Give again, word for word, every line in the entries below from the line with "Apartamento à venda com 376m², 3 quartos e 4 vagas Apartamento" up to and including the line with "Elegant Crystal Dangle", and no other line.

:: Information supplied ::

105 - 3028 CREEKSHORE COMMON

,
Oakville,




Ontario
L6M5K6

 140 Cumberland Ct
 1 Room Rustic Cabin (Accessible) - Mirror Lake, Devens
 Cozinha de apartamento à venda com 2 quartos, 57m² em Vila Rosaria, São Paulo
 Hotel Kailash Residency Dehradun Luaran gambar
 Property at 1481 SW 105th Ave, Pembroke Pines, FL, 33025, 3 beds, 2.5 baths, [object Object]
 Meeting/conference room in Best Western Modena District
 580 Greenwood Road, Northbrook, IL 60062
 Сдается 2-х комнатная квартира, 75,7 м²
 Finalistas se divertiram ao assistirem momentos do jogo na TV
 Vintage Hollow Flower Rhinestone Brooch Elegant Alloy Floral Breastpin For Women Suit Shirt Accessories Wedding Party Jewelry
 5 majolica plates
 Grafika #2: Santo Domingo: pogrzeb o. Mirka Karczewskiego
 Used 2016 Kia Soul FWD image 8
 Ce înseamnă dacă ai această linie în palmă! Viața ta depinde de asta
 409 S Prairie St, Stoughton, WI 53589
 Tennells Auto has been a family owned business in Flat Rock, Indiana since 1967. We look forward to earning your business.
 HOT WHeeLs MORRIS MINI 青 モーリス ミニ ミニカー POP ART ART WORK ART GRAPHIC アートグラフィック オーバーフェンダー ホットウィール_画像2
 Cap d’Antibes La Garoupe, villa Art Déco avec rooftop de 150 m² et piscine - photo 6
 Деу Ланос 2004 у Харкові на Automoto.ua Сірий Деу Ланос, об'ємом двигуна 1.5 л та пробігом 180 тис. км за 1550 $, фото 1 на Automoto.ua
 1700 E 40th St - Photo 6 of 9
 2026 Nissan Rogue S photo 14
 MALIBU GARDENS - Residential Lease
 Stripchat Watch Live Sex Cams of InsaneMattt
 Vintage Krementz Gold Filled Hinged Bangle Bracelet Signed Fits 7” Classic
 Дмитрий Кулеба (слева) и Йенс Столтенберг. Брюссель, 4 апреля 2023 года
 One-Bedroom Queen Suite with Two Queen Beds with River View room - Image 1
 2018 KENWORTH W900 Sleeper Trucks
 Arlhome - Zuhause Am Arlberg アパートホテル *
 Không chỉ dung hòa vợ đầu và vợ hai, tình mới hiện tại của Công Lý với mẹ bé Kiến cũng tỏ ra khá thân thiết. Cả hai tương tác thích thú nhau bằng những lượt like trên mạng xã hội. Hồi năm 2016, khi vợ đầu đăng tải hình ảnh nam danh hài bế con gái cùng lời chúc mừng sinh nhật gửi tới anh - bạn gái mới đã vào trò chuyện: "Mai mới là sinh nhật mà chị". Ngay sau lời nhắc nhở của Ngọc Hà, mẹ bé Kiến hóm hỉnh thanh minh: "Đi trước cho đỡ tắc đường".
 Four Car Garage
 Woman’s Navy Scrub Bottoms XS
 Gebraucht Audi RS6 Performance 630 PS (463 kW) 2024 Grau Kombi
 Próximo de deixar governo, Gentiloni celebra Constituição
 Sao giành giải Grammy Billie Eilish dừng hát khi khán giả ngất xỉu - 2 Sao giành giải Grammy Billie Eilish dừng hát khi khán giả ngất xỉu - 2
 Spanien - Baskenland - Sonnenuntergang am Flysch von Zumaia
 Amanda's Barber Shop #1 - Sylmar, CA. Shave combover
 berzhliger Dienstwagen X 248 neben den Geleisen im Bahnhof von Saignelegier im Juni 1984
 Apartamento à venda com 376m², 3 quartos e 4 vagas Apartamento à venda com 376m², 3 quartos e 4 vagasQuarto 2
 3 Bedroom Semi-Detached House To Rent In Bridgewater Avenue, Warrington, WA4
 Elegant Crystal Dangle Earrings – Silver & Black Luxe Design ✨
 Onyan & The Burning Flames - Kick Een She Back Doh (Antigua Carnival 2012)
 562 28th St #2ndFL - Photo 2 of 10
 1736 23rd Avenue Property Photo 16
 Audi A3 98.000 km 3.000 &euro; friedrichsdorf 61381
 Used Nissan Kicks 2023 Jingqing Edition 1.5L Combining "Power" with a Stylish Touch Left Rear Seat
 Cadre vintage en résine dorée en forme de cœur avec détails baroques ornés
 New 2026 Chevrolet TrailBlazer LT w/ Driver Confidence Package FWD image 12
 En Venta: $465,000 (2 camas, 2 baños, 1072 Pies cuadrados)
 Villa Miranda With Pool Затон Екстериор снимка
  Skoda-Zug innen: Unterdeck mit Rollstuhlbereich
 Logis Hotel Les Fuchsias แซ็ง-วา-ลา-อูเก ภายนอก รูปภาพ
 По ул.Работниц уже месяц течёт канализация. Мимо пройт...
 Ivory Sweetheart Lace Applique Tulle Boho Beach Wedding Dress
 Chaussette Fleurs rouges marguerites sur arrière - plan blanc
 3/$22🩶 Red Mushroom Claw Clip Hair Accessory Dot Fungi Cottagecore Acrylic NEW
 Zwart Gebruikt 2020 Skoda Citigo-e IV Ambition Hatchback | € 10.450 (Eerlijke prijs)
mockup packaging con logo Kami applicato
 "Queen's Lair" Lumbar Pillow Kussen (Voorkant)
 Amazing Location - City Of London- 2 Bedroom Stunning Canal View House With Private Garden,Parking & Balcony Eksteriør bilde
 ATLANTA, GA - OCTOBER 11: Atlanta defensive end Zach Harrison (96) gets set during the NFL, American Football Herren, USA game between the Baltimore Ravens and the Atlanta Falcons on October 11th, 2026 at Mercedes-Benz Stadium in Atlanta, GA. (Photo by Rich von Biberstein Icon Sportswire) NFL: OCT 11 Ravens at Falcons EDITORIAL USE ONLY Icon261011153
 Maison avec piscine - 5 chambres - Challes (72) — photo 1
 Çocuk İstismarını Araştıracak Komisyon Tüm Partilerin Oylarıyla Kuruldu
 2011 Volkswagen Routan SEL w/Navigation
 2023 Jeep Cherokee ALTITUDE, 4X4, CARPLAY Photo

:::

Written response
 Apartamento à venda com 376m², 3 quartos e 4 vagas Apartamento à venda com 376m², 3 quartos e 4 vagasQuarto 2
 3 Bedroom Semi-Detached House To Rent In Bridgewater Avenue, Warrington, WA4
 Elegant Crystal Dangle Earrings – Silver & Black Luxe Design ✨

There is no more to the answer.